A successful appeal must do several things:
- show that you understand what went wrong
- show that you take responsibility for the academic failures
- show that you have a plan for future academic success
- in a broad sense, show that you are being honest with yourself and the committee
Many students who appeal an academic dismissal make a serious mistake by trying to place the blame for their problems on someone else. Certainly external factors can contribute to academic failure, but in the end you are the one who failed those papers and exams. It is not a bad thing to own up to your miscalculations and mistakes. In fact, doing so reveals great maturity. The appeals committee does not expect college students to be perfect. A big part of college is making mistakes and then learning from them, so it makes sense that a successful appeal shows that you recognize your mistakes and have learned from them.
Emma's appeal succeeds pretty well in all of the above areas. First of all, she does not try to blame anyone but herself. Sure, she has extenuating circumstances -- her father's illness -- and she is wise to explain those circumstances. However, she acknowledges that she did not handle her situation well. She should have been in contact with her professors when she was struggling. She should have withdrawn from classes and taken a leave of absence when her father's illness started to dominate her life. She didn't do either of these things and she doesn't try to make excuses for her mistakes.
The overall tone of Emma's letter sounds pleasingly sincere. The committee now knows why Emma had such bad grades, and the reasons seem both plausible and pardonable. Assuming she did earn solid grades in her earlier semesters, the committee is likely to believe Emma's claim that she is a "good student who had one very, very bad semester."
Emma also presents a plan for her future success. The committee will be pleased to hear that she is communicating with her advisor. In fact, Emma would be wise to have her advisor write a letter of support to go with her appeal.
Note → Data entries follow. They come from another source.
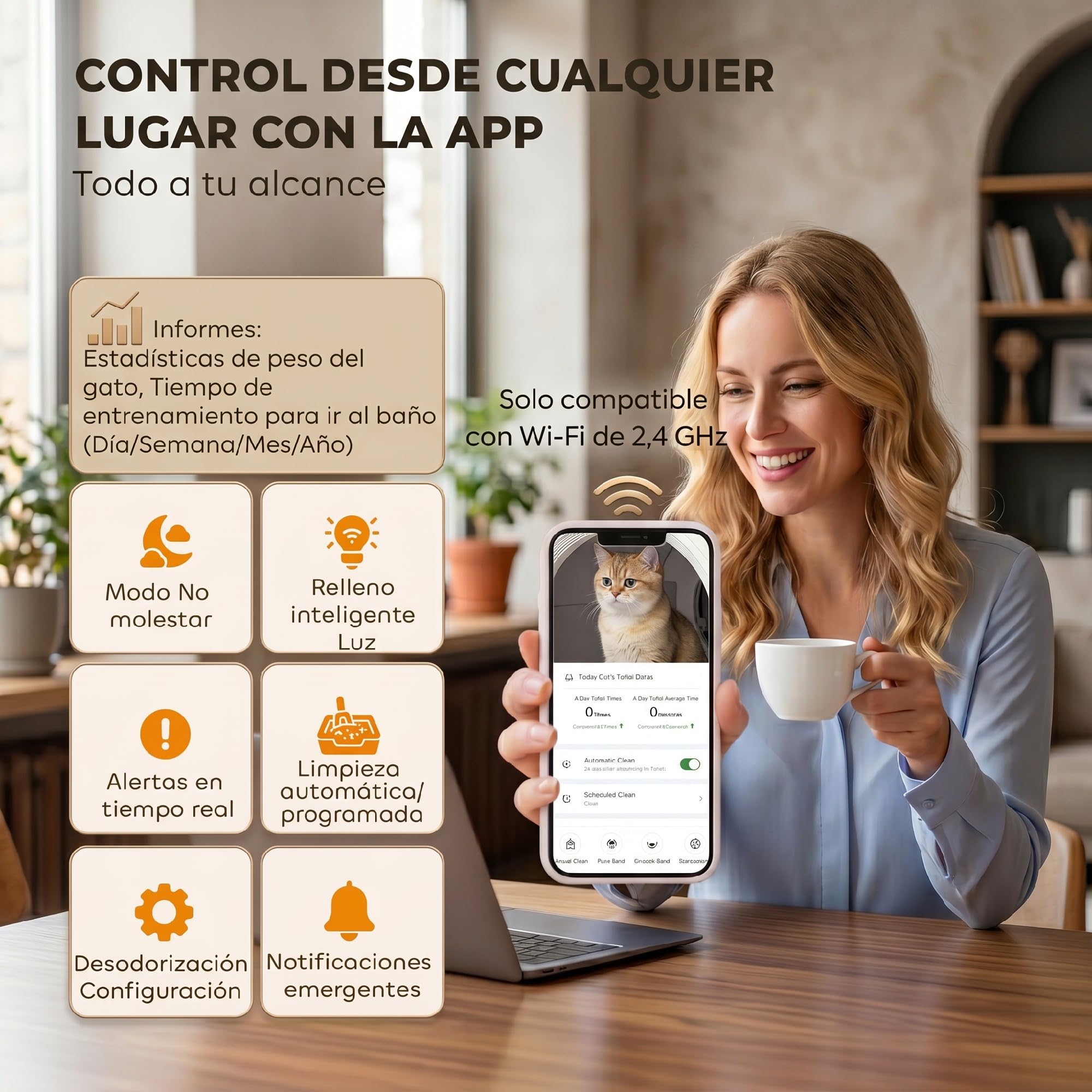 PawHut Arenero Gatos Autolimpiable 72L Extragrande con Control por App | Sensores de Seguridad, Control de Olores y Ruido, Gel Desodorante, Alfombrilla y Bolsas de Basura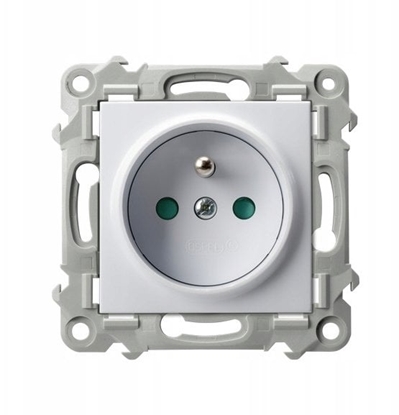 Picture of SZAFIR Gniazdo pojedyncze z uziemieniem z przesonami torów prdowych biay GP-1ZZP/m/00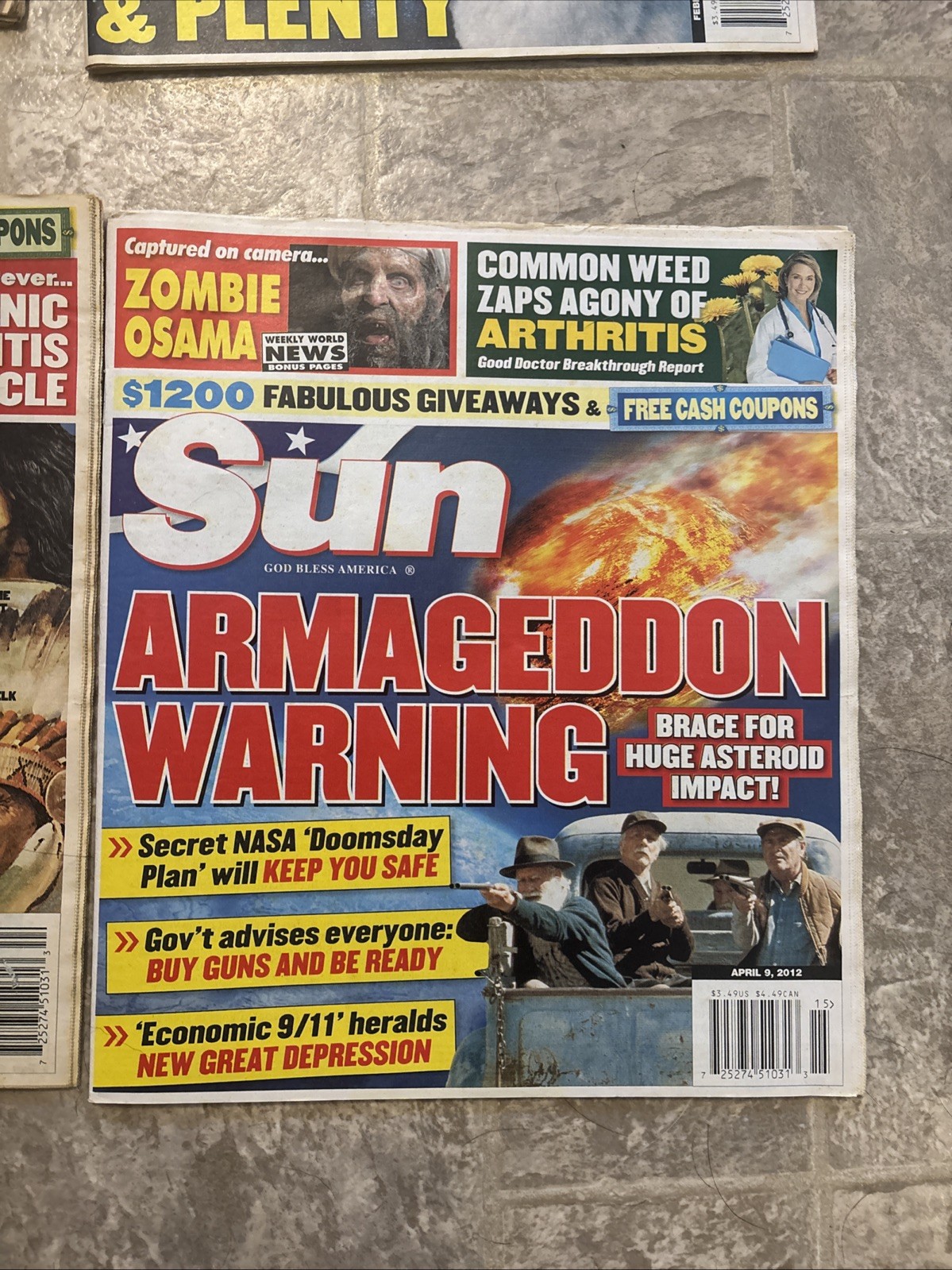 The Sun Tabloid Magazine Lot – 7 Issues –, Nostradamus, Prophecies & 2011/2012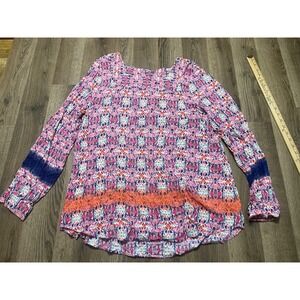 Caffe Marrahesh Shirt, Women's 1X, Pink Orange Green Blue Purple, Allover Print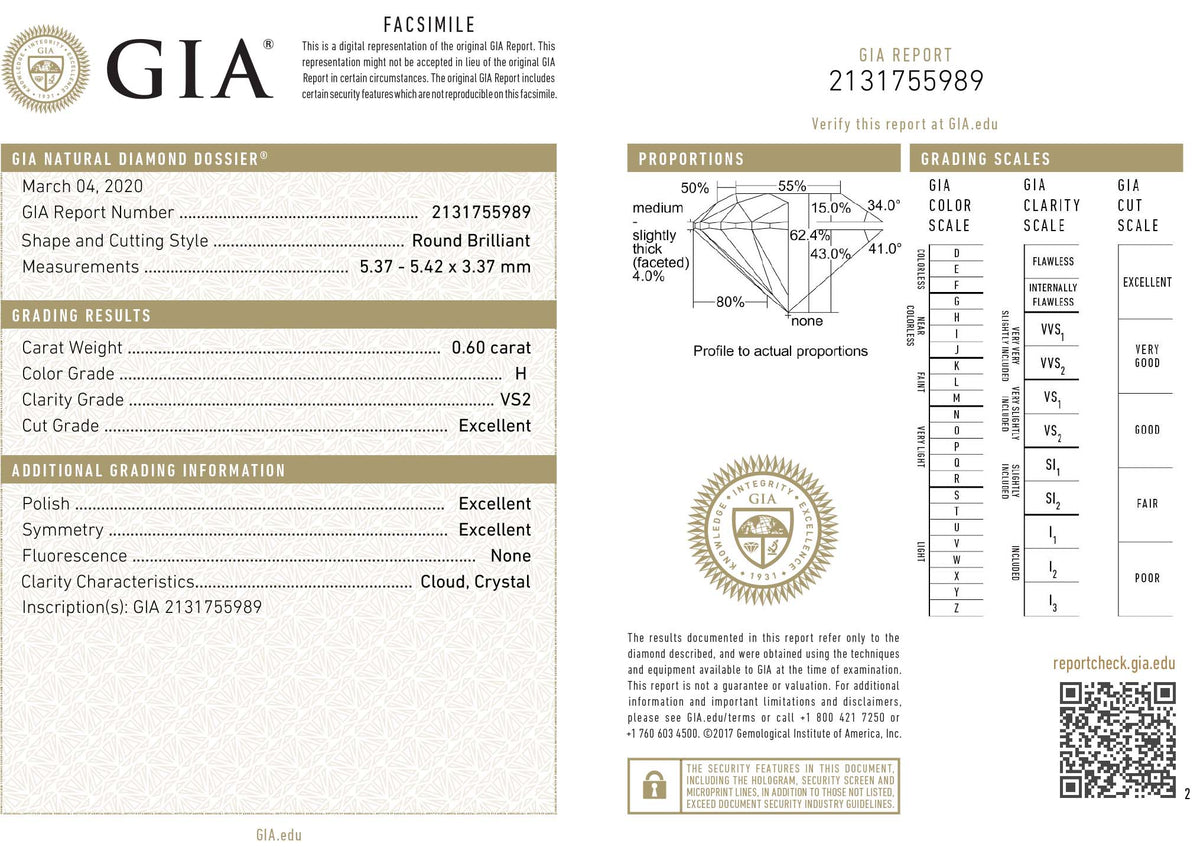 GIA Certified 0.60 Ct Round cut H VS2 Loose Diamond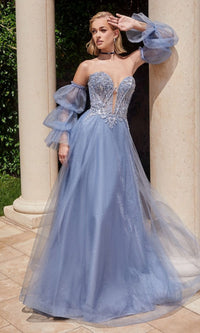 Long Sleeve Strapless Long A-Line Prom Dress CD830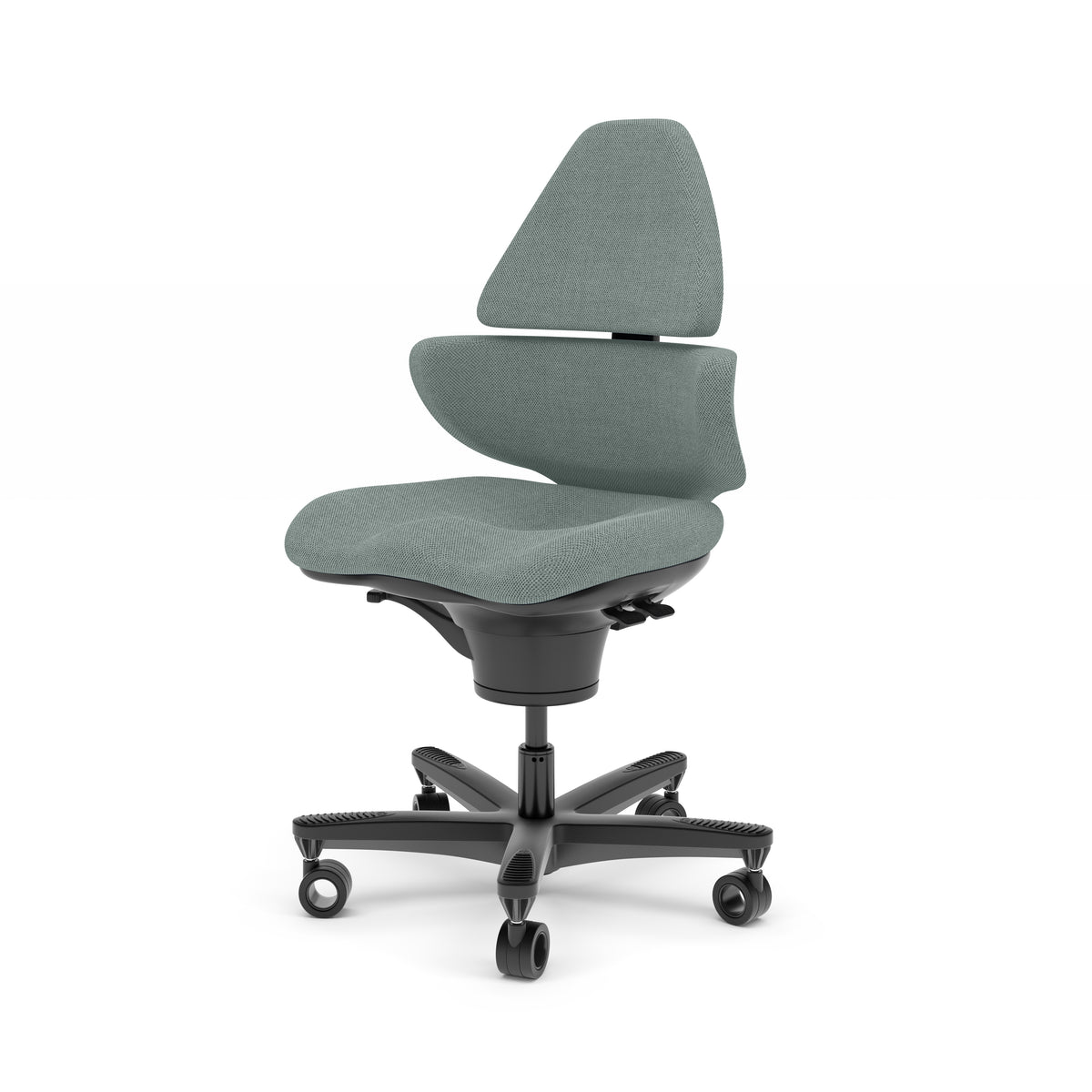 CoreChair Elite active sitting chair in Reed Green, three-quarter view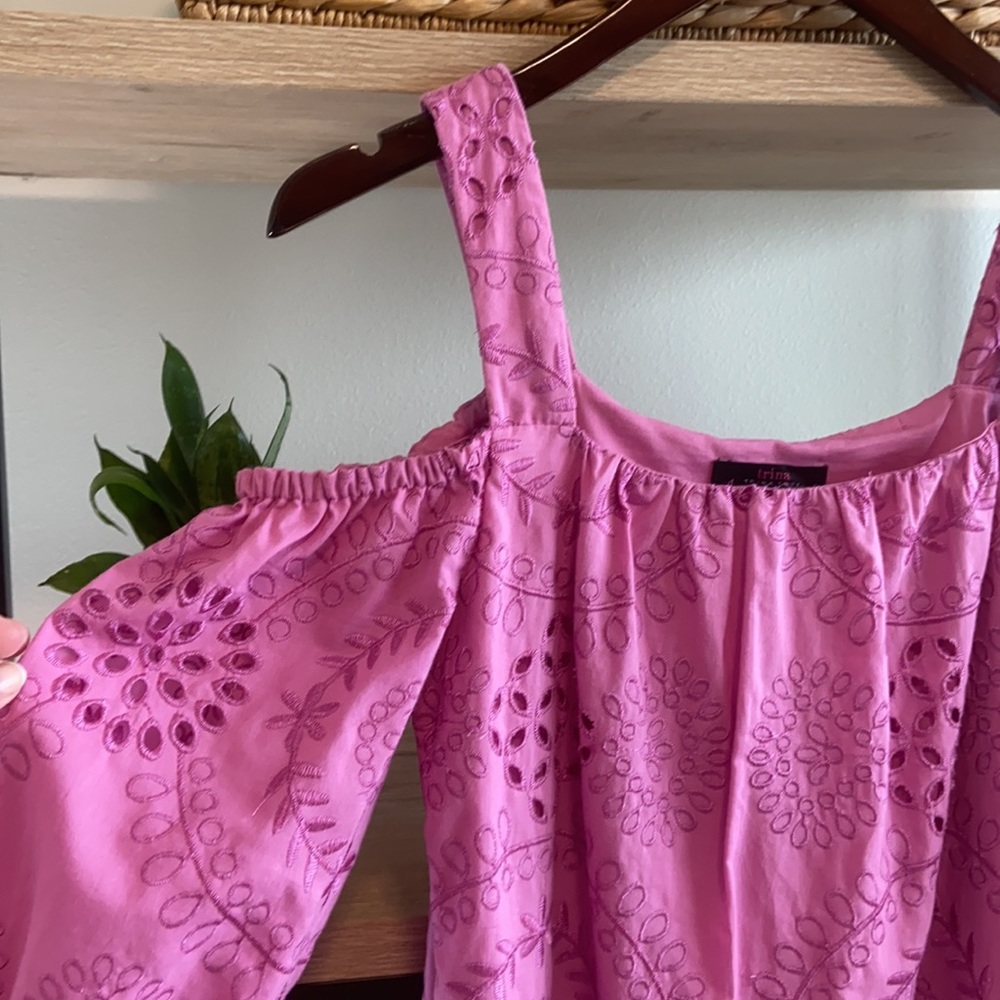 Trina by Trina Turk Pink Off the Shoulder Embroidered Eyelet Dress, XS - Picture 4 of 8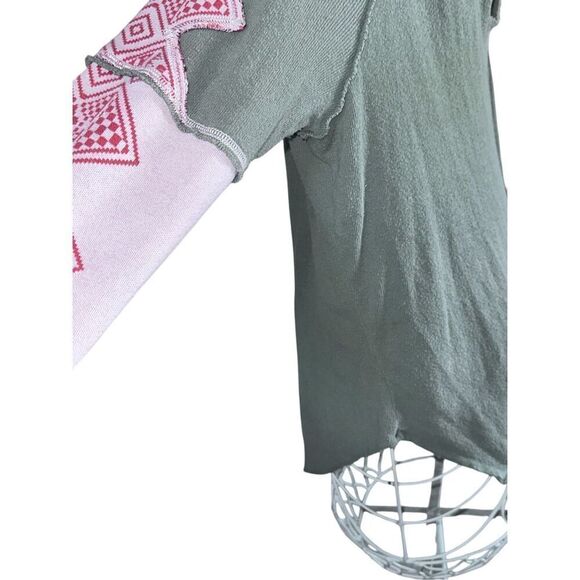 RARE Beautiful women Womens Free People Oversize Pullover Cotton KNIT SWEATER bl - Picture 2 of 8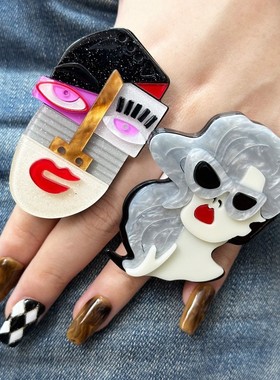 亚克力酷酷风搞怪恶趣味人脸戒指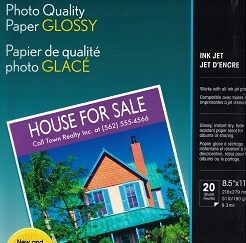 Epson Photo Quality Paper Glossy – Ink Jet – 8.5″ x 11″ Paper – S041124 (Packet of 20 Sheets)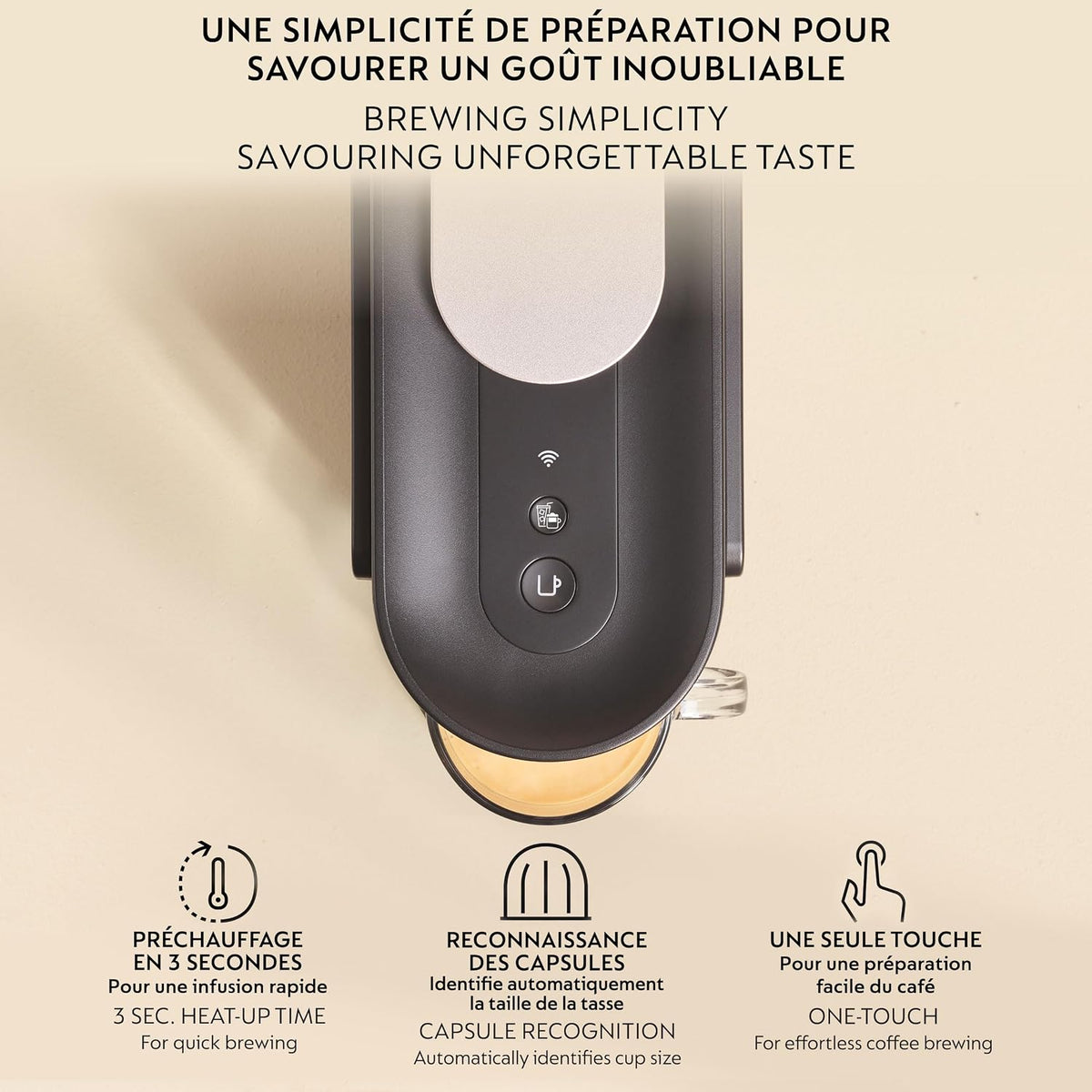 Nespresso Vertuo Up - Máquina de café con espumador de leche, tinta negra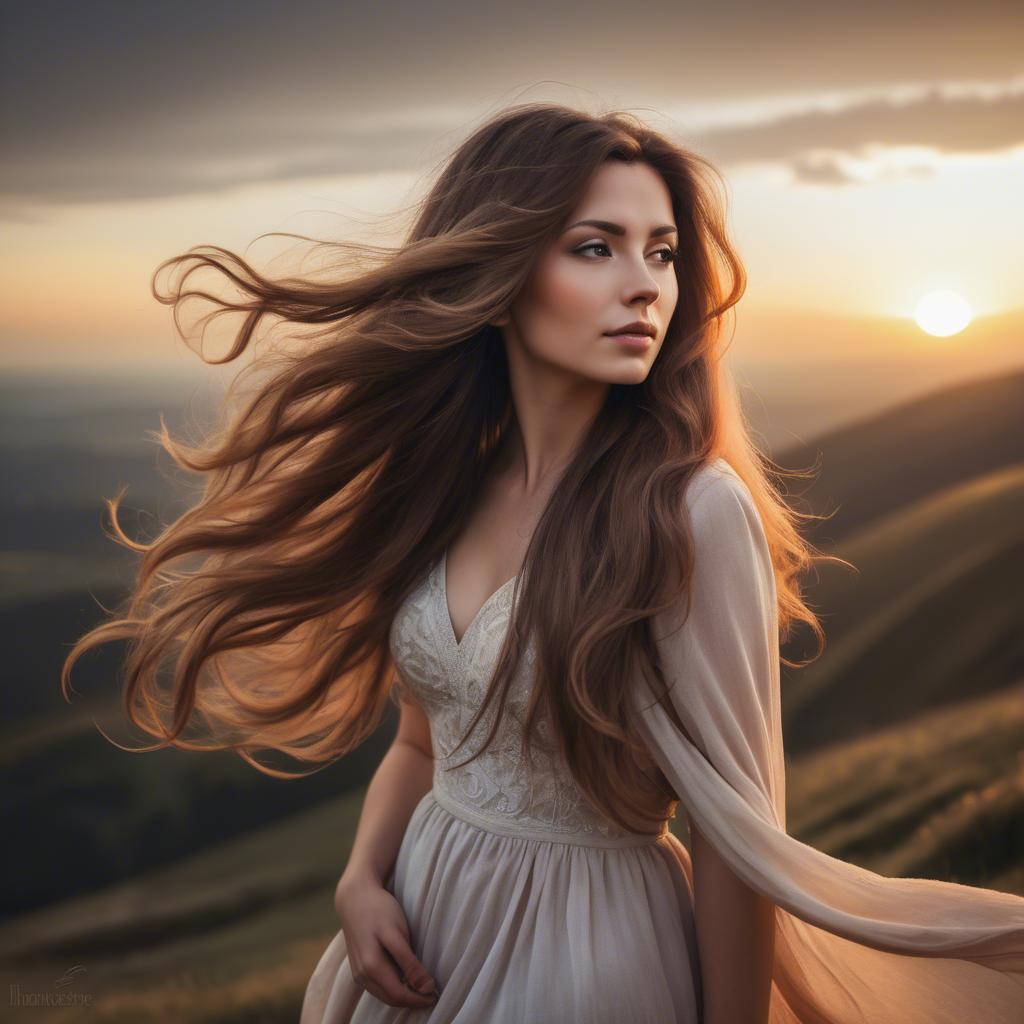 A stunning image of romantic lady with flowing hair on a hilltop at sunset.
A couple pieces of Emma's future plan could use a little more detail. She says she "will focus much better on [her] schoolwork" and "manage [her] time more wisely." I'd like to hear more about these points. Should another family crisis arise, why will her focus be better the second time around? Why will she be able to focus better? Also, what exactly is her time management plan? She won't become a better time manager simply be saying she will do so. How exactly is she going to learn and develop more effective time management strategies?
On the whole, however, Emma comes across as a student who deserves a second chance. Her letter is polite and respectful, and she is honest with the committee about what went wrong. A severe appeals committee may reject the appeal because of the mistakes Emma made, but at many colleges they would be willing to give her a second chance.